# ABOUT THIS EXERCISE:
A word-for-word restatement of the data is what is needed.

# DATA SEGMENT:
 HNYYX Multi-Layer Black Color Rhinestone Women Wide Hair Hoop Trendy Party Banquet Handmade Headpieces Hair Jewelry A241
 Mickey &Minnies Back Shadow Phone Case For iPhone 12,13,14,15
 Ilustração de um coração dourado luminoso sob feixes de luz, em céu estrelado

# ANSWER SPACE:
 HNYYX Multi-Layer Black Color Rhinestone Women Wide Hair Hoop Trendy Party Banquet Handmade Headpieces Hair Jewelry A241
 Mickey &Minnies Back Shadow Phone Case For iPhone 12,13,14,15
 Ilustração de um coração dourado luminoso sob feixes de luz, em céu estrelado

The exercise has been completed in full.